A systematic review is a review that has a clearly formulated research question, and that uses systematic and explicit methods to identify, select and appraise relevant research evidence, and to collect and analyse data from the studies that are included in the review. Meta-analysis is a statistical method used to combine results of more than one study. To find the average or common effect across those studies.
A systematic review brings together all relevant studies to answer a particular question, and can synthesise the results with or without a meta-analysis. A systematic review may present a narrative synthesis of the text, or it may not find the right kind of data to perform a meta-analysis.

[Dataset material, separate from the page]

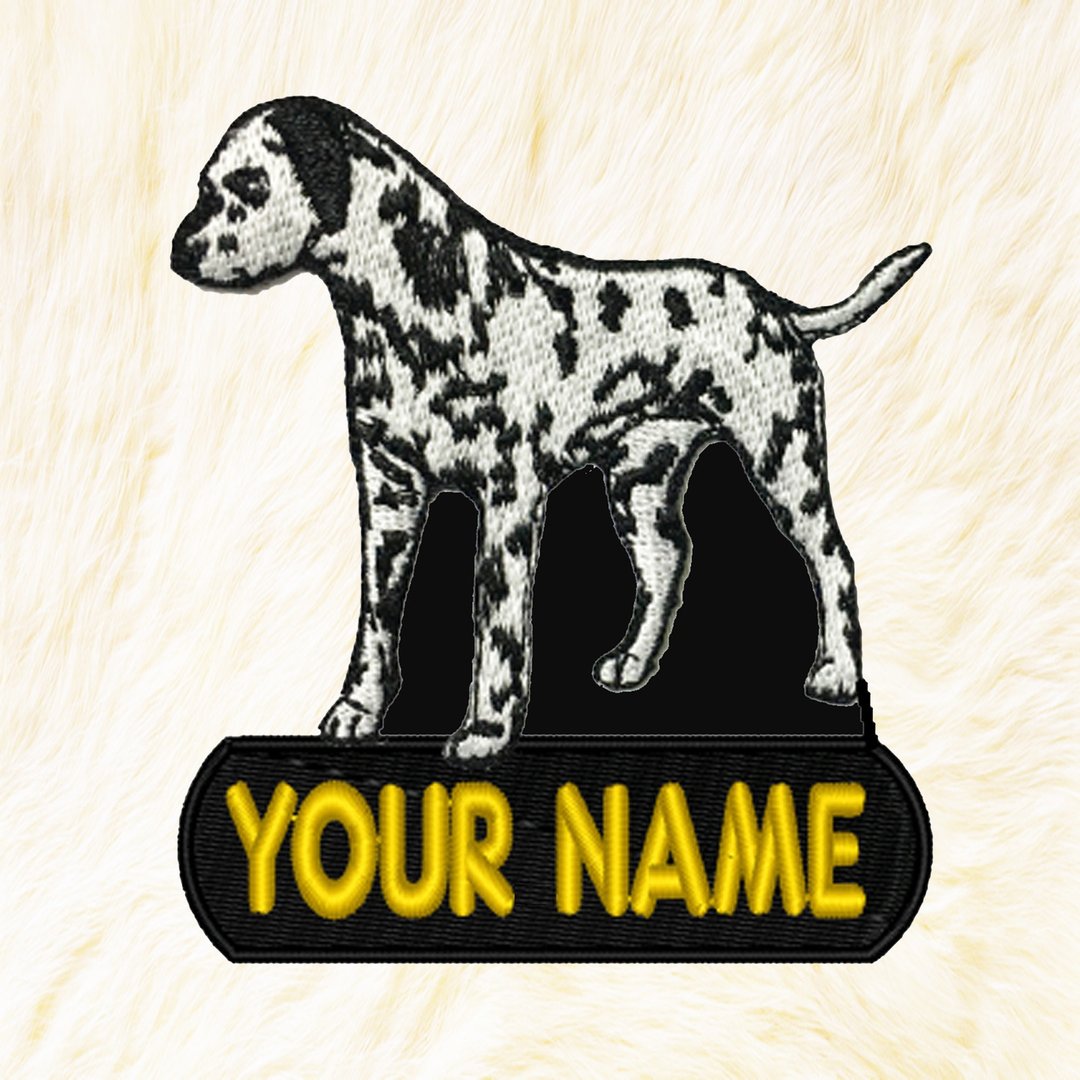 English Bulldog Personalized Iron on Patch Your Name Your Text Buy 3 Get 1 Free - 编织/刺绣/羊毛毡/裁缝 - 绣线 白色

The methods used in systematic reviews have traditionally given more attention to research reporting evaluations of interventions than to other kinds of research. Generally, high-quality literature reviews can help you understand:
• Definitions, etiology, and diagnosis of a disease
• Epidemiologic, humanistic, and economic burden of a disease
• Treatment guidelines and patterns in clinical practice
• Efficacy and safety of treatments
• Cost-effectiveness of treatments
• Best practices in economic modeling methods in a disease area
• Economic model inputs including resource use, cost, and utility estimates
Systematic reviews synthesise research findings in a form which is easily accessible to those who have to make policy or practice decisions. In this way, systematic reviews reduce the bias which can occur in other approaches to reviewing research evidence.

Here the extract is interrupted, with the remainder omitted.